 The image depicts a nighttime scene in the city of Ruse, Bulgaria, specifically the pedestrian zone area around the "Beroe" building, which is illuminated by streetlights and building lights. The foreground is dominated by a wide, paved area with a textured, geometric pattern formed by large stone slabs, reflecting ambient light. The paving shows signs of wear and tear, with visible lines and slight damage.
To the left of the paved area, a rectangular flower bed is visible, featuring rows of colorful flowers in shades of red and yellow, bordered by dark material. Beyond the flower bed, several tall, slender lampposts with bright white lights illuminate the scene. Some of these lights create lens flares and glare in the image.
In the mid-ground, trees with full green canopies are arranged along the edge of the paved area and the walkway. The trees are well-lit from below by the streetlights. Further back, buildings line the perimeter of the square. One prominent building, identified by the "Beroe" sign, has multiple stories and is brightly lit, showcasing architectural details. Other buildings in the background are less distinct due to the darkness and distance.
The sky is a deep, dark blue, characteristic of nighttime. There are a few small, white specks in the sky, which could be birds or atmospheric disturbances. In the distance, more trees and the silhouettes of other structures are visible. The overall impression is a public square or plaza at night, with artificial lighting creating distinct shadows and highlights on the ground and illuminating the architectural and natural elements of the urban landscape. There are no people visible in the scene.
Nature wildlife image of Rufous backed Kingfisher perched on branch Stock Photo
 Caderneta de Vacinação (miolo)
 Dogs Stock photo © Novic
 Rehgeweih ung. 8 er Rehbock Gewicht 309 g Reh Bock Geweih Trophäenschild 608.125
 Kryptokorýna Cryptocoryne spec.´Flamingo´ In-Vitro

* * *

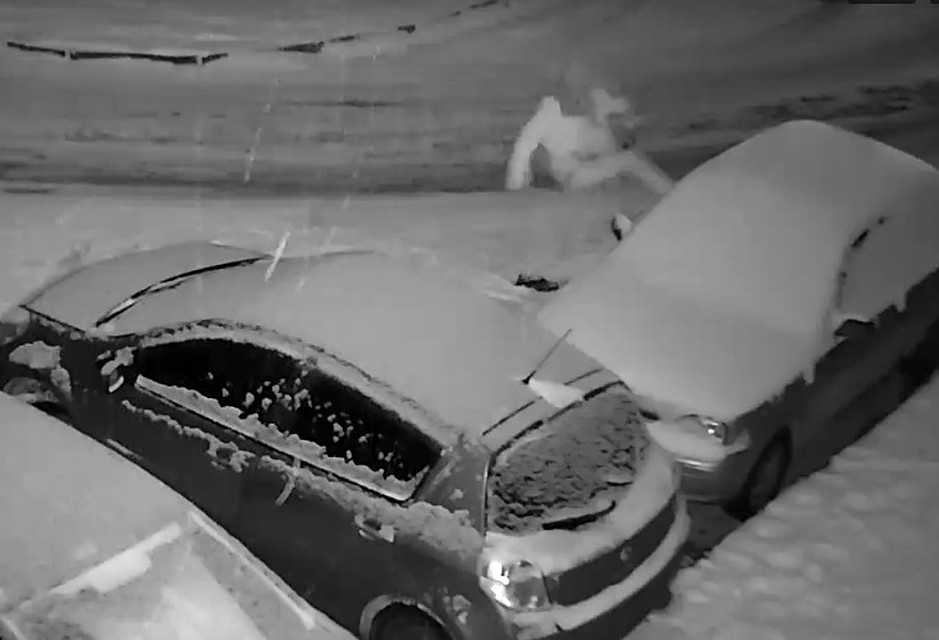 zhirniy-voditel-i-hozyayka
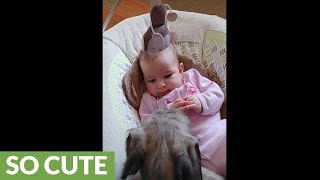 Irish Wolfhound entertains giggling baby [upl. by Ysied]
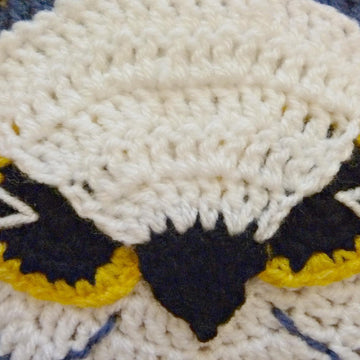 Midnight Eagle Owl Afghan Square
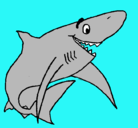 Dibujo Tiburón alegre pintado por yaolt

What you have to do:
From the records above, reproduce exactly the lines from the one with "Caderneta de Vacinação (miolo)" to the one with "Kryptokorýna Cryptocoryne spec.´Flamingo´", both included, and no others.

Reply to the exercise:
 Caderneta de Vacinação (miolo)
 Dogs Stock photo © Novic
 Rehgeweih ung. 8 er Rehbock Gewicht 309 g Reh Bock Geweih Trophäenschild 608.125
 Kryptokorýna Cryptocoryne spec.´Flamingo´ In-Vitro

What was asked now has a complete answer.